Мальтузианские идеи, на мой взгляд, характеризуют систему ценностей уходящего социально-экономического уклада. Томас Мальтус в своих взглядах отражал позицию терпящей историческое фиаско феодально-аристократической власти. Феодальный социально-экономический строй больше не мог выступать двигателем истории. Великая Французская Революция и эпоха Наполеона подвели под ним черту. Однако он не сошел с арены без боя. Тут можно упомянуть и о развернувшейся в Англии в первой половине 19 века борьбе между аристократами-протекционистами и буржуа-фридредерами, о которой я уже писал в прошлом, и об общеевропейской реакции на Великую Французскую и последовавшие за ней буржуазные революции в Европе, и о прочих битвах, описание которых увело бы нас в сторону. Будучи консерватором, Мальтус поэтому и обосновывал бедность увеличивающейся безземельной массы бедняков не концентрацией земли в руках аристократии, а ленью, порочностью и глупостью.
Аналогичную картину мы наблюдаем и сегодня, когда рыночный капитализм, не вылезающий из кризисов, также неспособен придать человечеству новый импульс для развития, породить новые смыслы, новые идеи, новые концепты. В сущности, все, чем занимается современная мировая элита, — это следование завету Фрэнсиса Фукуямы: остановкой исторического развития, превращением человека в машину бесконечного потребления и наращивания т. н. «благосостояния». Тех же, кто в эту гонку вписаться не в состоянии, в лучших традициях мальтузианства клеймят «аутсайдерами».

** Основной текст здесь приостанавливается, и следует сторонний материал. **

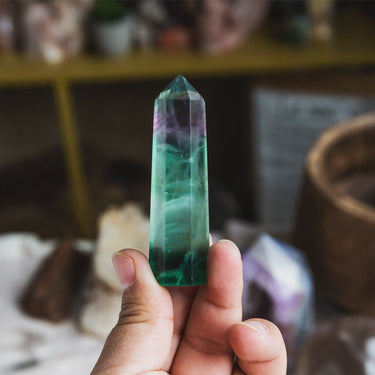 Fluorite Point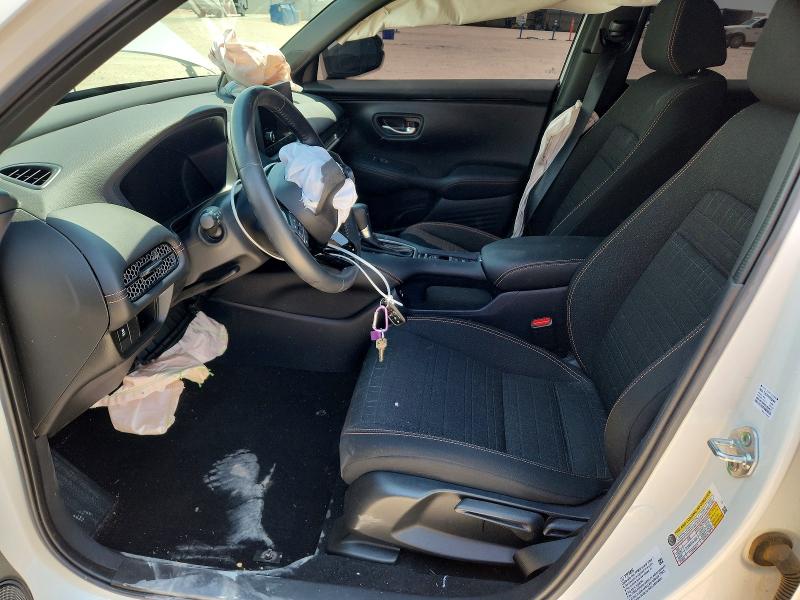 64251046 :رقم المزاد ، 3CZRZ1H52RM757585 vin ، 2024 Honda Hr-v مزاد بيع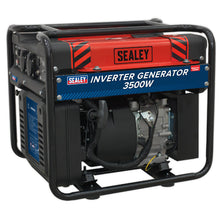 Load image into Gallery viewer, Sealey Inverter Generator 3500W 230V 4-Stroke Engine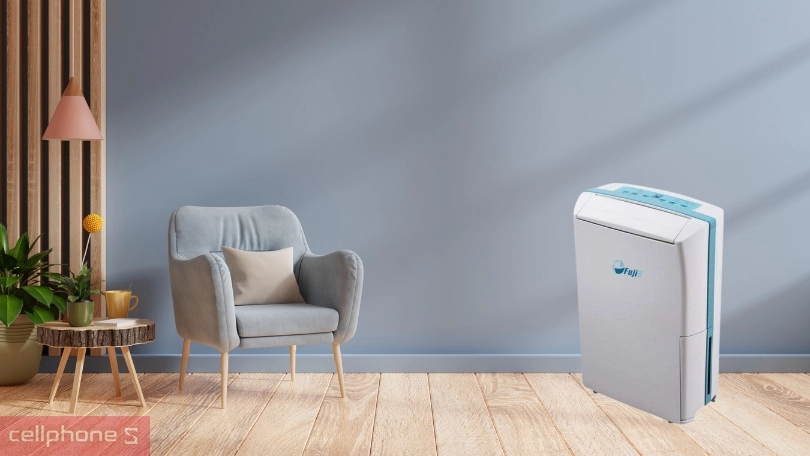 Vì sao nên mua máy hút ẩm Fujie HM-612EC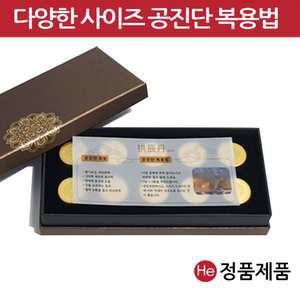 트래싱 반 투명지 공진단복용법 1장 / 공진단설명서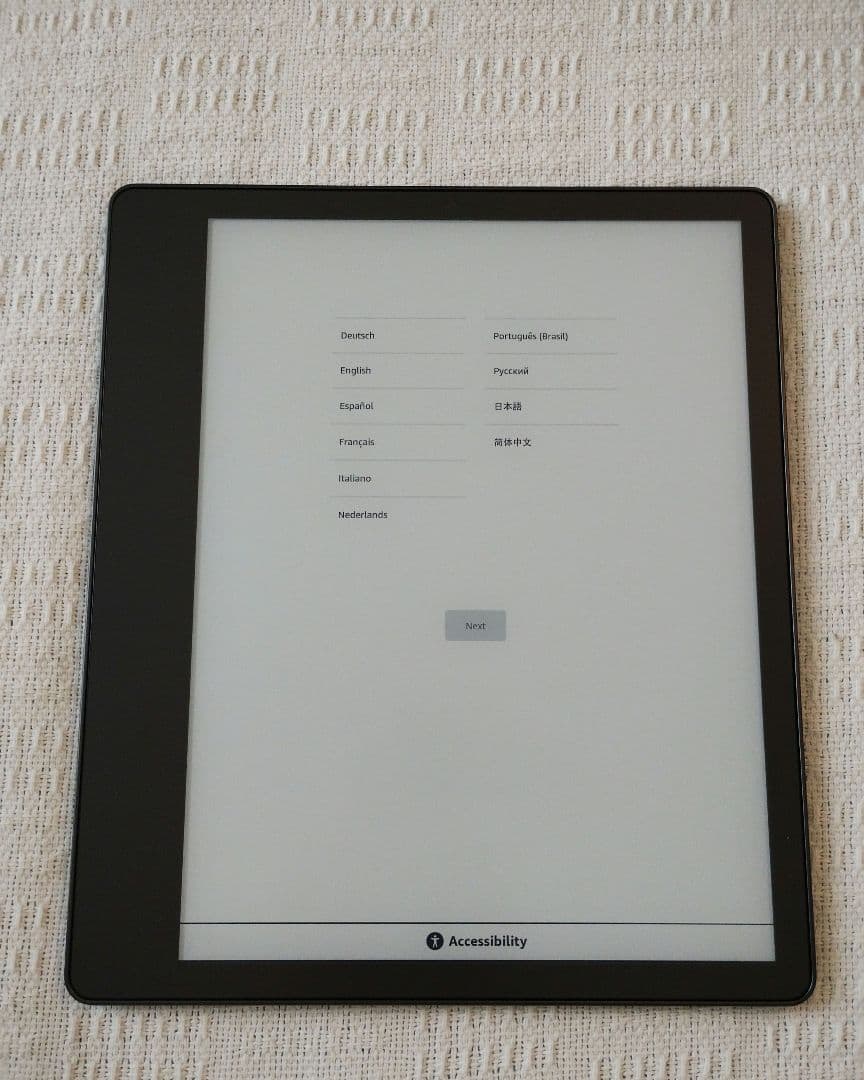 Kindle scribe 16GB 10.2インチ スタンダードペン付き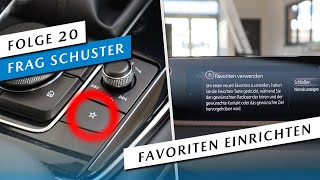 💡 Mazda Connect Tipp Radio  Navi  TelefonFavoriten anlegen und verwalten  20 Frag Schuster [upl. by Annej]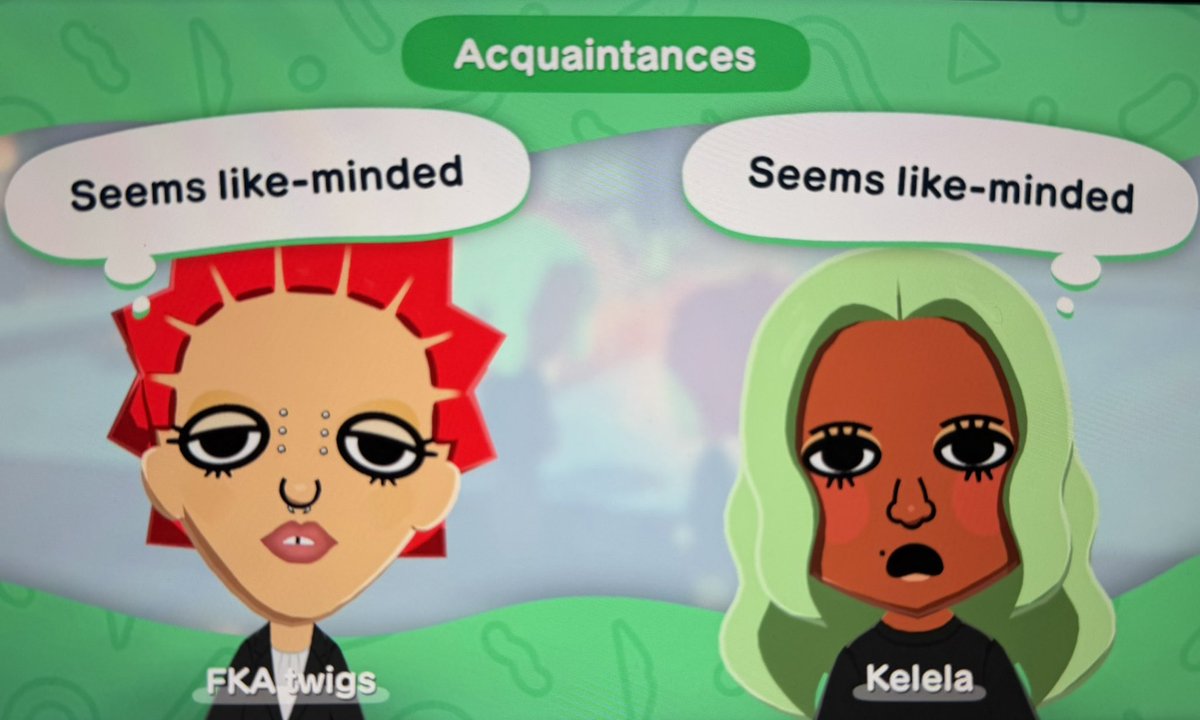 the closest we’ll ever see them interact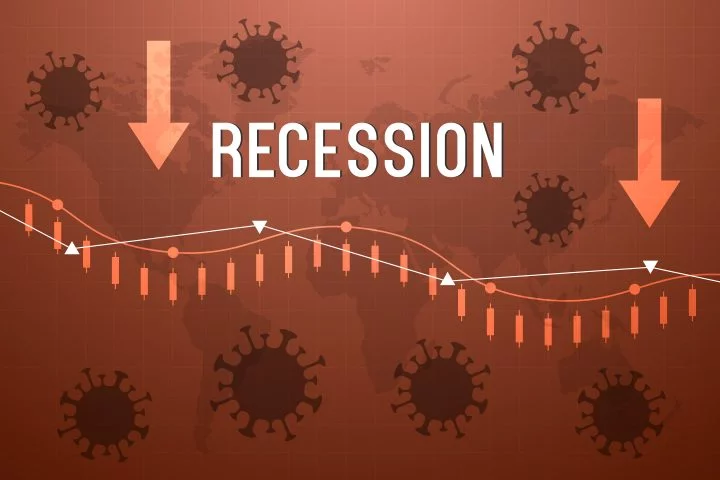 World Global Recession Concept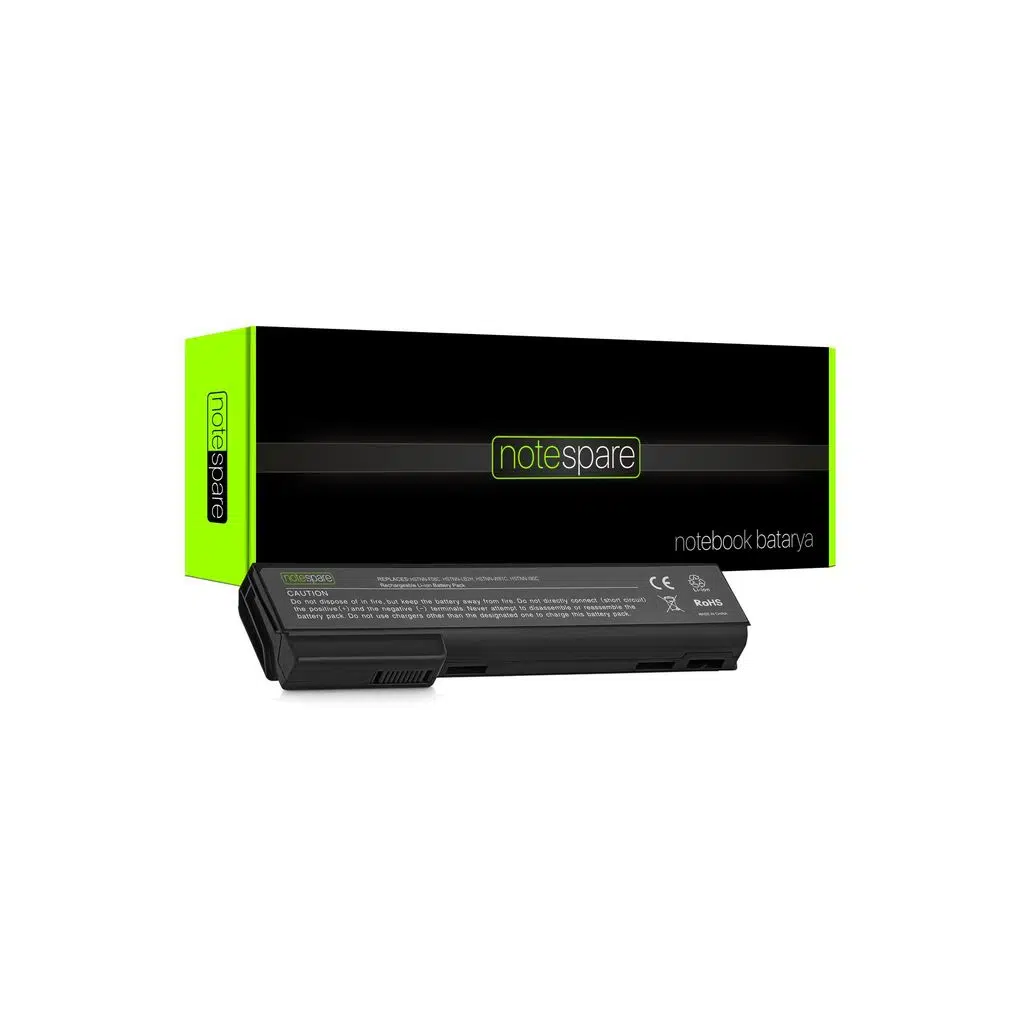 Hp ile Uyumlu EliteBook 8470w LY541EA, 8560p LG734EA, 8560p WX787AV Notebook Batarya Pil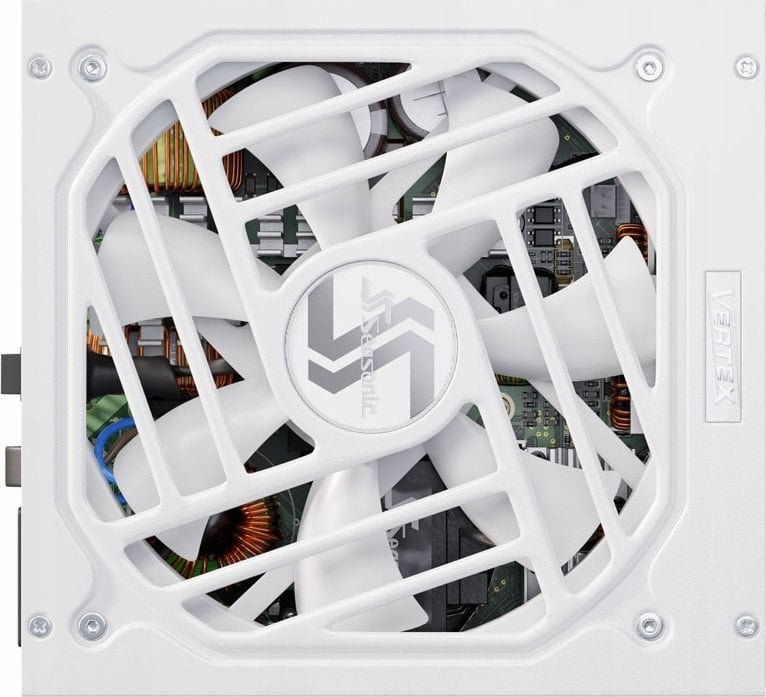Seasonic Vertex GX Power Supply, 1200W, White - Thumbnail 3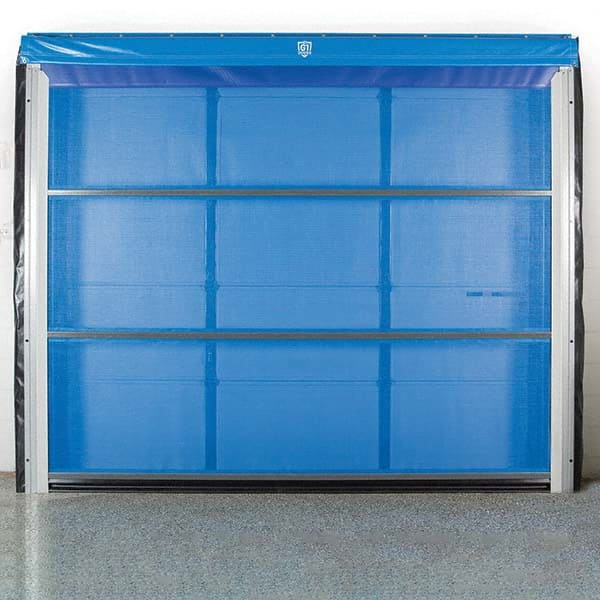 Goff's Enterprises - Dock Strip Doors/Curtains Type: Roll Up Dock Screen Door Width (Feet): 10 - Eagle Tool & Supply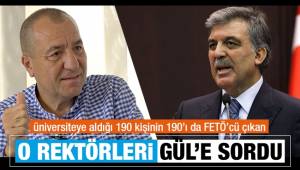 Kamuda hangi taşı kaldırsan altından FETÖ’cüler çıkıyor..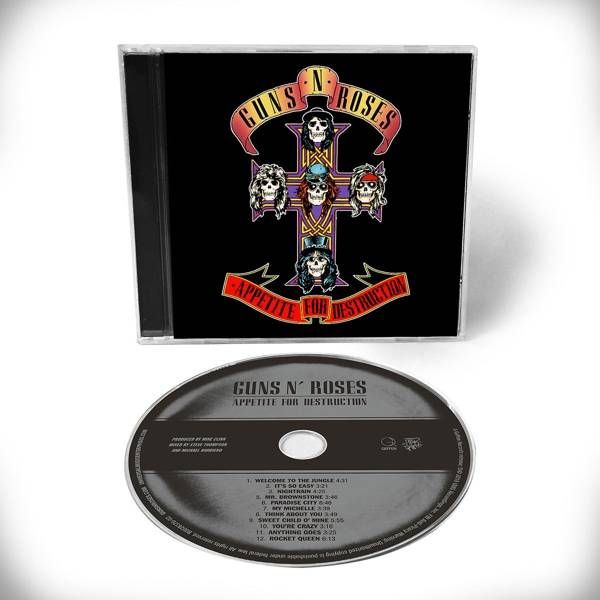 Appetite For Destruction, 1 Audio-CD CD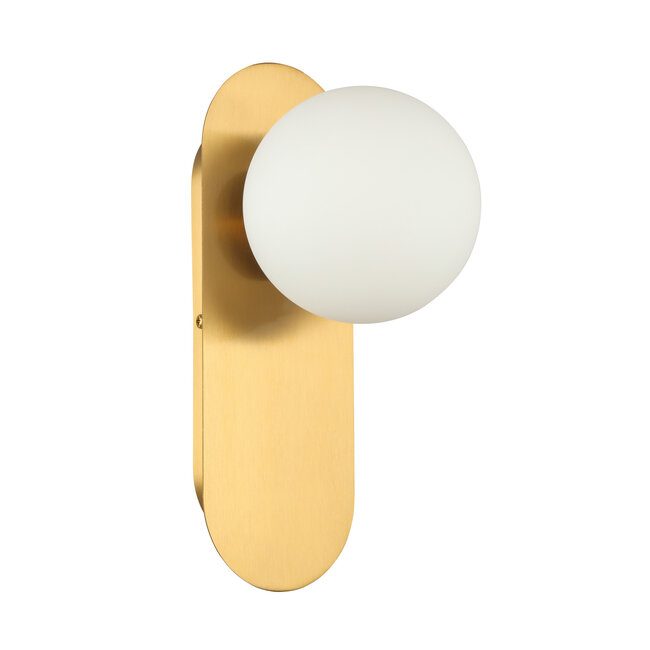 Isabella Wall Lamp White Gold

Однако, кое в чем картина фундаментальным образом отличается: у выронившей власть гнилой аристократии ее подхватил молодой и сильный буржуазный капитализм. Буржуазный класс на короткий, в историческом плане, срок перехватил инициативу развития. Сегодня на всем политическом поле нет сил, способных перехватить инициативу у либерального капитализма. А значит, «заканчивающие» (или, может, вернее сказать — «приканчивающие»?) историю элитарии правят бал.